When the grain they had brought from Egypt was almost gone, Jacob said to his sons, “Go again and buy us a little food.” But Judah said, “The man wasn’t joking when he warned that we couldn’t see him again unless Benjamin came along.” — Genesis 43:2-3
In the turbulent 1960s people talked about the “generation gap.” Of course, differences between generations is a much older problem, but during the 1960s it was given a new name and a lot of attention. Young people decided not only to take issue with their elders, but to reject what those wielding authority said. The result was a standoff between those who held the power and those who resented it being used to their perceived detriment.
Even as far back as Jacob’s time, the gap between the generations was clearly in evidence. Jacob had long been in control of his family. He was used to telling his sons what to do and expecting them to obey. But as the days and weeks of the famine wore on, and the food supply diminished, it was obvious that there was going to be a showdown between the old man and his sons.
Jacob wanted his boys to return to Egypt to buy more food (Genesis 43:2). Judah, the spokesman for the younger generation, said, “The man wasn’t joking when he warned that we couldn’t see him again unless Benjamin came along” (43:3). He then added forcefully, “If you don’t let Benjamin go, we may as well stay at home” (43:5).

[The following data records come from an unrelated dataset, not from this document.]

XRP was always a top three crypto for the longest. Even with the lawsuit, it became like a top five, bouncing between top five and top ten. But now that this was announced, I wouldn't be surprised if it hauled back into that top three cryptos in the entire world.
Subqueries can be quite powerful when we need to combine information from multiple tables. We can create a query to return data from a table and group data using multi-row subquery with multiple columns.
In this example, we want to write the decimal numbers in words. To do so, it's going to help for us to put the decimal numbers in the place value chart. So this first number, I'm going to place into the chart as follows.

For understandable reasons, Jacob was not prepared to listen to his son’s explanation. Jacob said that Benjamin was not going, and Judah said, in effect, that if Benjamin didn’t go, no one was going, with the probable result that they would all die.
Sensing that he was between a rock and a hard place, Jacob “moaned” about his own pain and grumbled about the brothers even mentioning their other brother to the Egyptian ruler. With startling self-centeredness, Jacob asked, “Why did you have to treat me with such cruelty?” (43:6).

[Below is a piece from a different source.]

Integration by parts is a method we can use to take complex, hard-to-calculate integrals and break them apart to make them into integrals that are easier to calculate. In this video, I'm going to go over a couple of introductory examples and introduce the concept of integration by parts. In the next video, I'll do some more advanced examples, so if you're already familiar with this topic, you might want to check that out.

Judah, showing a lot of good sense, reasoned further with his father, gave personal guarantees, and reminded him that if they had acted when they ought to have, they could have made the journey several times over. Finally Jacob relented and yielded control to the younger men. He then gave them wise instructions for their journey, but Jacob’s decision was hardly with great grace. “If it can’t be avoided” set the tone of his surrender (43:11). “If I must bear the anguish of their deaths, so be it” dominated his thinking (43:14).

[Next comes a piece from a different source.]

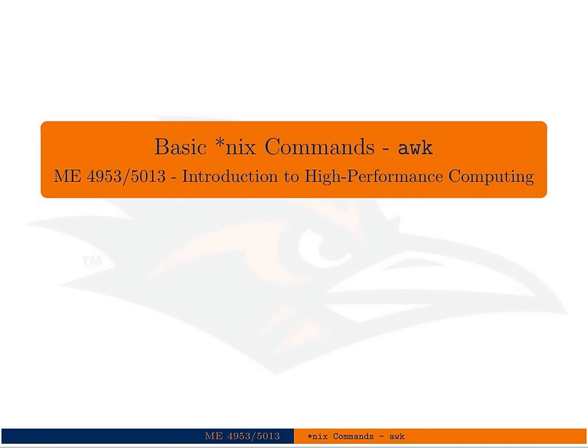All right, this lecture is going to be a short tutorial on the Unix AWK command. This is much like the sed command from the previous tutorial. This lecture is going to be a very brief introduction to the utility of AWK. We're basically just going to show you some of the basic features of it.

This is not to suggest that the sons were always right and their father always wrong. Jacob understandably was having a bad day. Fortunately, his sons were doing better.
There comes a time for the older men to allow the younger generation to take the lead. If they hand over the reins with joy, they may watch with delight as the young men succeed. If they don’t, they widen the generation gap into a gulf that becomes the grave for promising endeavors.